Throughout the building, art and a connection to nature also play a part in enhancing the experience for both patients and Penn Medicine staff. The Pavilion’s lobby features a sculpture commissioned from Maya Lin, best known for the Vietnam Veterans Memorial in Washington, DC. Decoding the Tree of Life rises like a string of glass pearls through the 40-foot atrium, its organic shape referencing at once the branching strands of DNA molecules, the winding of the Schuylkill River, and the structure of a tree. Elsewhere, the brilliant hues of Nigerian-born, Philadelphia-based artist Odili Donald Odita’s Field and Sky mural are inspired by natural landscapes of sunsets and mountains.
The property around the Pavilion—which is the largest hospital in the world to achieve LEED Gold certification, an environmental-sustainability building rating system—incorporates an acre of landscaping and green roofs planted with native species that require low amounts of watering.

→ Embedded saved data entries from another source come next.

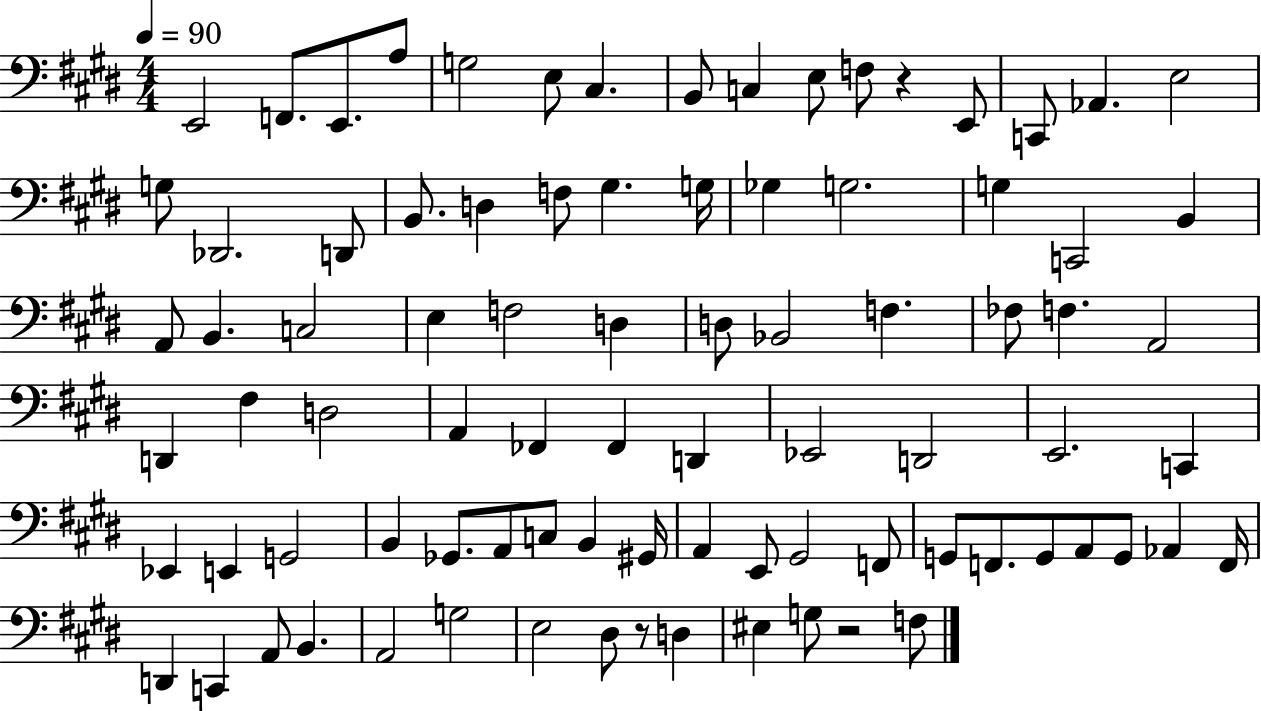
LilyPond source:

{
  \clef bass
  \numericTimeSignature
  \time 4/4
  \key e \major
  \tempo 4 = 90
  e,2 f,8. e,8. a8 | g2 e8 cis4. | b,8 c4 e8 f8 r4 e,8 | c,8 aes,4. e2 | \break g8 des,2. d,8 | b,8. d4 f8 gis4. g16 | ges4 g2. | g4 c,2 b,4 | \break a,8 b,4. c2 | e4 f2 d4 | d8 bes,2 f4. | fes8 f4. a,2 | \break d,4 fis4 d2 | a,4 fes,4 fes,4 d,4 | ees,2 d,2 | e,2. c,4 | \break ees,4 e,4 g,2 | b,4 ges,8. a,8 c8 b,4 gis,16 | a,4 e,8 gis,2 f,8 | g,8 f,8. g,8 a,8 g,8 aes,4 f,16 | \break d,4 c,4 a,8 b,4. | a,2 g2 | e2 dis8 r8 d4 | eis4 g8 r2 f8 | \break \bar "|."
} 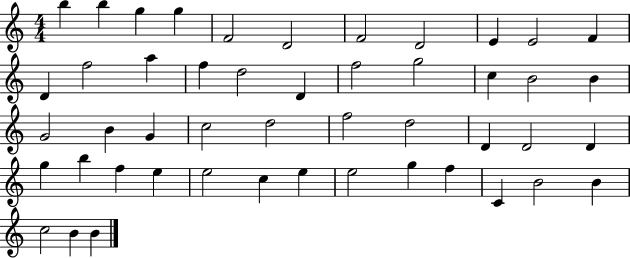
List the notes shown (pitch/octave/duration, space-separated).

B5/q B5/q G5/q G5/q F4/h D4/h F4/h D4/h E4/q E4/h F4/q D4/q F5/h A5/q F5/q D5/h D4/q F5/h G5/h C5/q B4/h B4/q G4/h B4/q G4/q C5/h D5/h F5/h D5/h D4/q D4/h D4/q G5/q B5/q F5/q E5/q E5/h C5/q E5/q E5/h G5/q F5/q C4/q B4/h B4/q C5/h B4/q B4/q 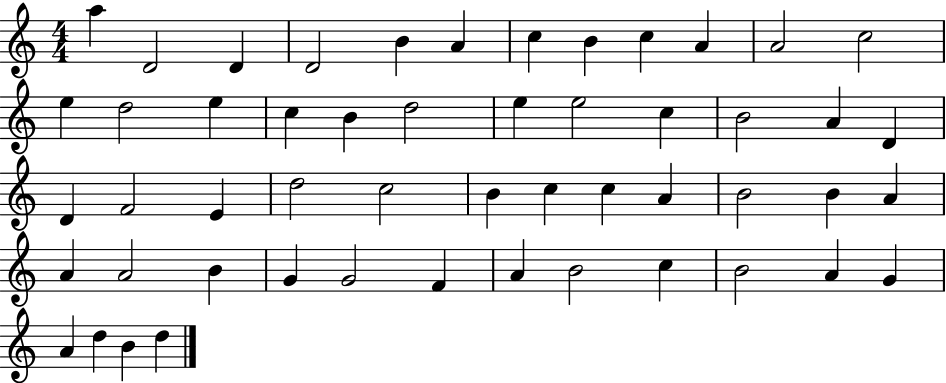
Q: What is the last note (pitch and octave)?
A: D5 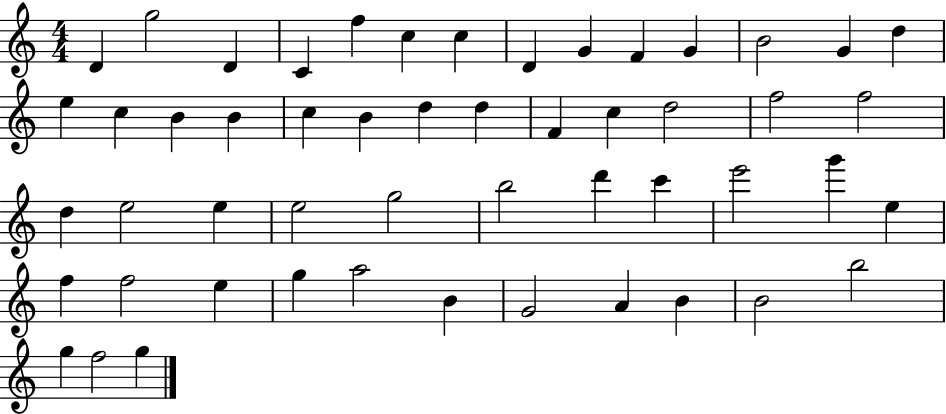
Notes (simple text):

D4/q G5/h D4/q C4/q F5/q C5/q C5/q D4/q G4/q F4/q G4/q B4/h G4/q D5/q E5/q C5/q B4/q B4/q C5/q B4/q D5/q D5/q F4/q C5/q D5/h F5/h F5/h D5/q E5/h E5/q E5/h G5/h B5/h D6/q C6/q E6/h G6/q E5/q F5/q F5/h E5/q G5/q A5/h B4/q G4/h A4/q B4/q B4/h B5/h G5/q F5/h G5/q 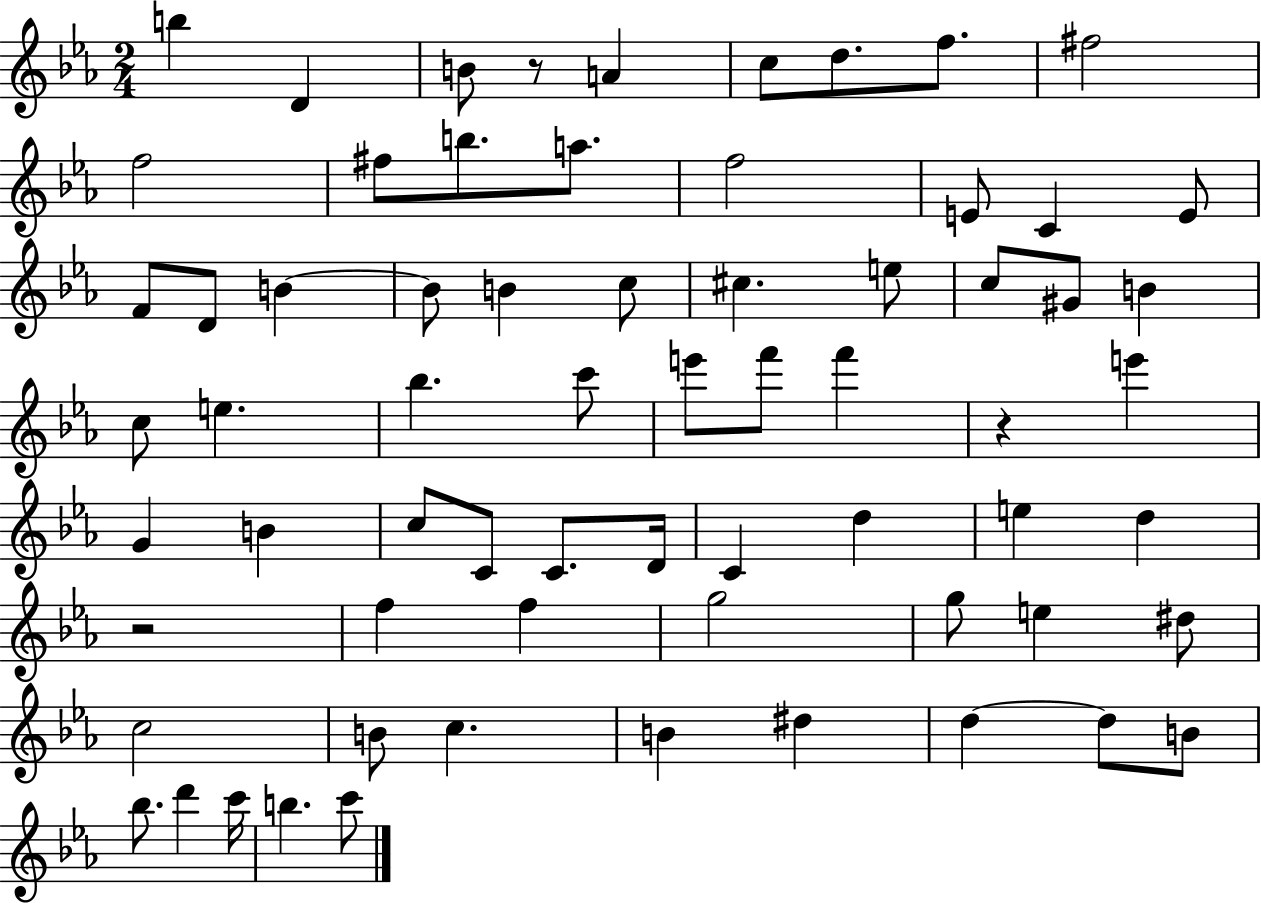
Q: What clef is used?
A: treble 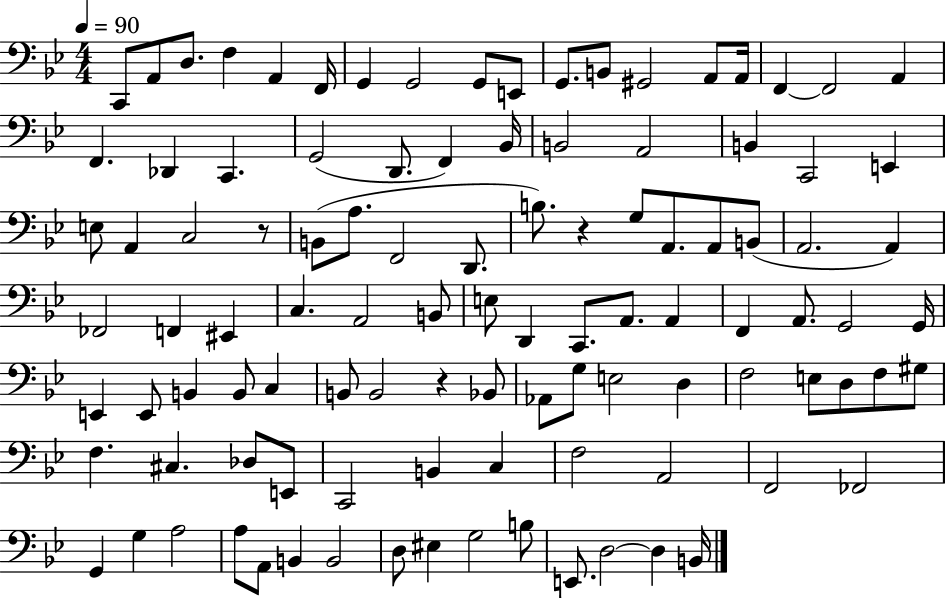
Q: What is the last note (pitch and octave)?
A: B2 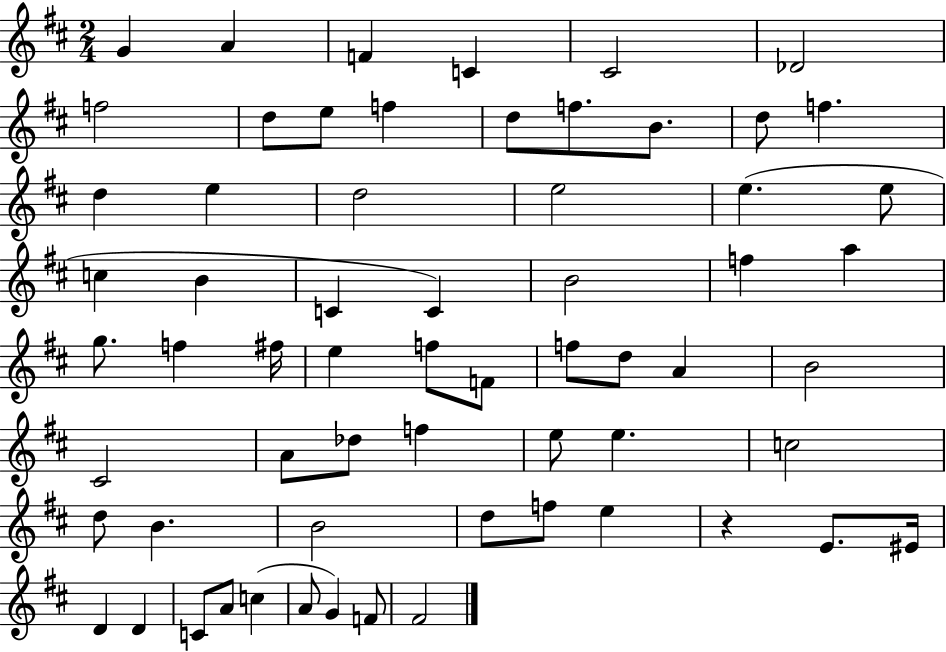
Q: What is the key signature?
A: D major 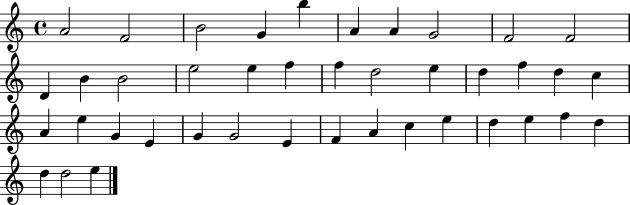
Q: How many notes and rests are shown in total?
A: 41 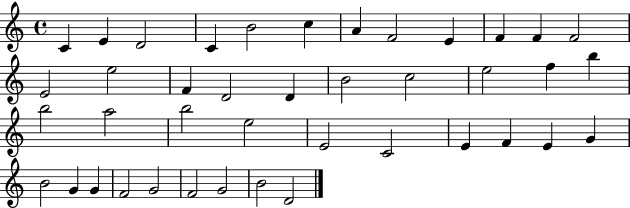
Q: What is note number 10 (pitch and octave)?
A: F4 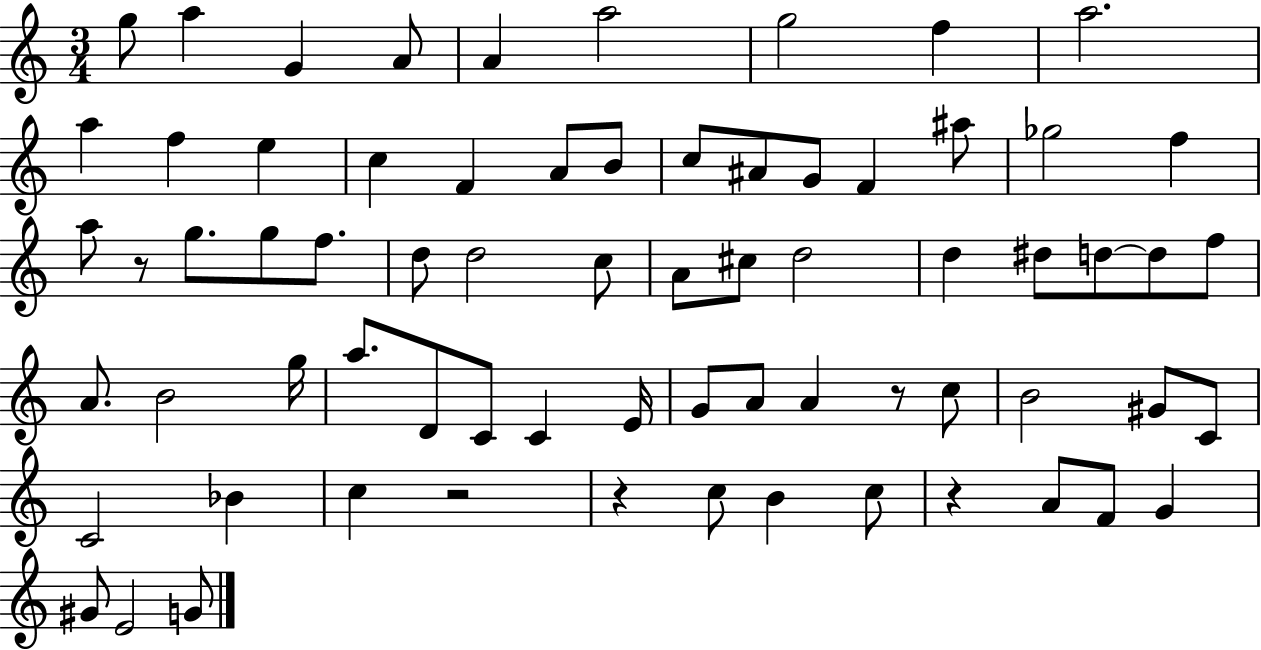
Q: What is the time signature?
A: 3/4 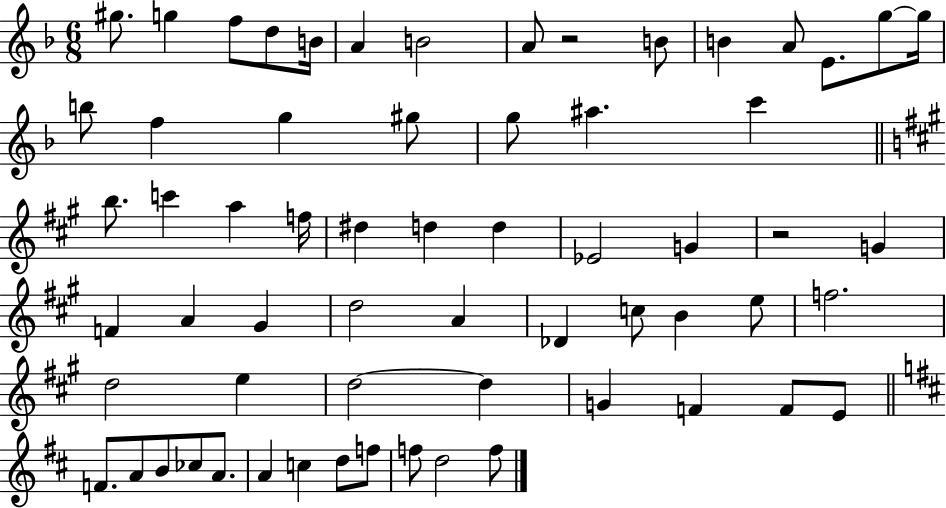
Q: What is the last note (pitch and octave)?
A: F5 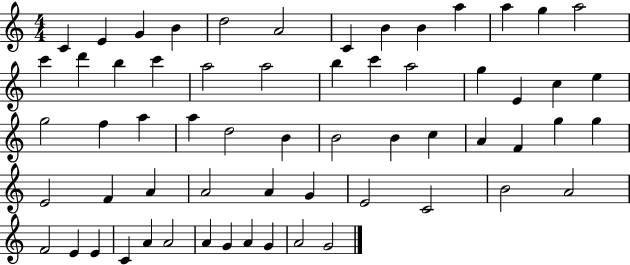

And a new pedestrian link, called Discovery Walk, connects to the Penn Museum and the nearby SEPTA station, in keeping with a project goal to better integrate Penn Medicine’s facilities with the rest of the campus,
Besides Foster + Partners, healthcare design firm HDR, engineering firm BR+A, construction managers L.F. Driscoll and Balfour Beatty—and, crucially, a core group of Penn Medicine employees—collectively contributed to the design and planning of the project as part of an integrated group called PennFIRST. Bringing together so many stakeholders “was new for us,” admits West, “and it gave everyone a real sense of working toward the same goals.”
To test initial design ideas, workflow patterns, and everyday scenarios, PennFIRST invited hundreds of Penn Medicine employees to walk through a Northern Liberties warehouse space where a full-scale 30,000-square-foot foam and cardboard mockup of half of an inpatient floor had been constructed. “It was an investment that paid off time and time again,” West says. “In kicking the tires, all kinds of things came up and were adjusted, from bringing more daylight into the building, to designing all of the patient rooms so they were organized and outfitted in exactly the same way, to adding additional sets of public and staff elevators.
“As the hospital moves into the future, we wanted to enhance how everyone experiences the groundbreaking science that is at the core of what Penn Medicine does.”